Как на самом деле относился В. Соловьев к Достоевскому? Сообщает К. Н. Леонтьев: «Лет 6 тому назад Соловьев, почти тотчас же вслед за произнесением где-то трех речей в пользу Достоевского (где, между прочим, он возражал и мне, на мою критику пушкинской речи Д-го, и утверждал, что христианство Д-го было настоящее святоотеческое), написал мне письмо, в котором есть следующее, весьма злое место о том же самом Фед. Мих-че: "Достоевский горячо верил в существование религии и нередко рассматривал ее в подзорную трубу, как отдаленный предмет, но стать на действительно религиозную почву никогда не умел"»[30].

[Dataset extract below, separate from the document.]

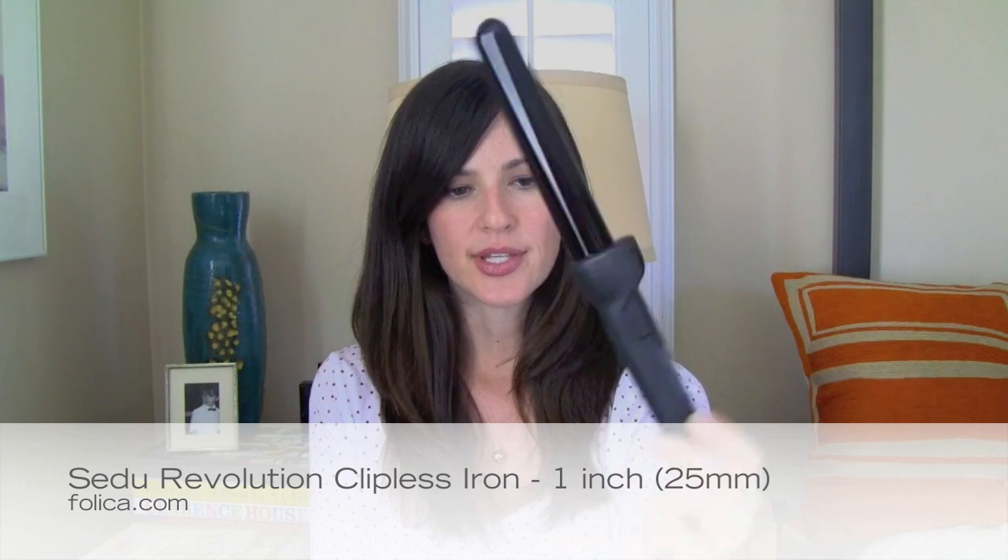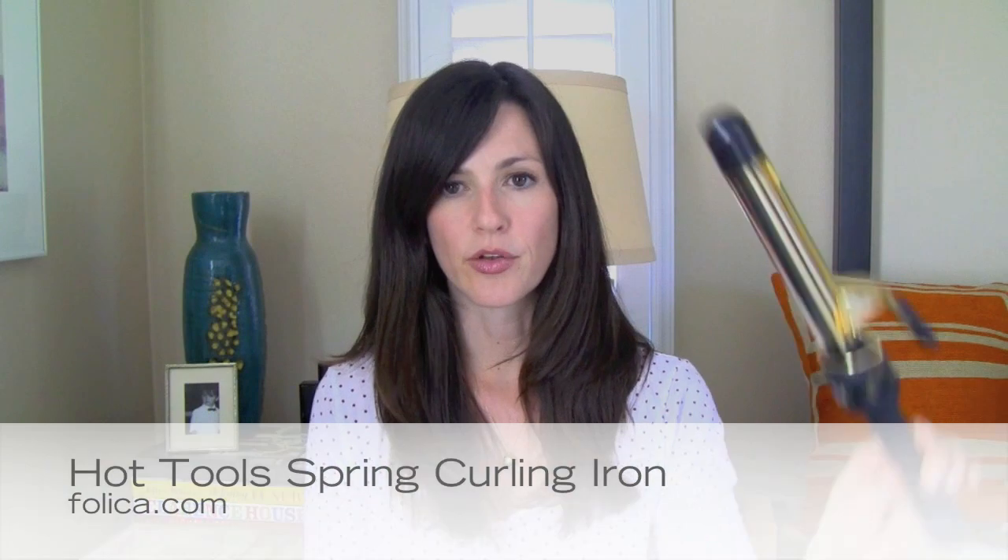The first curling iron I'm going to use today is the Sadu Revolution Clipless Curling Iron. I got this at Follica.com — I believe it is the one inch model. If you are interested in these kind of curling irons, I actually have a review up already at Follica.com comparing this iron with the Enzo Milano. I like this one tons better than the Enzo Milano, and I'll put a link below so you can check out why. I'll be using this on one side of my hair.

  • Архим. Антоний (Храповицкий) (1892 г.).
Характерно неучастие духовенства в обсуждении статьи К. Н. Леонтьева. Поразительно признание самого Леонтьева: «Из духовных писателей ни один не произнес ни слова …в защиту моей проповеди послушания Церкви» (из письма К. Губастову от 4 июля 1885 г., С. 394. Прим. 35).

Критическая оценка архим. Антонием взглядов К. Н. Леонтьева: это «псевдо – аскетическое направление», вольное оперирование священными текстами, попытка выдать собственные афоризмы за Слово Божие.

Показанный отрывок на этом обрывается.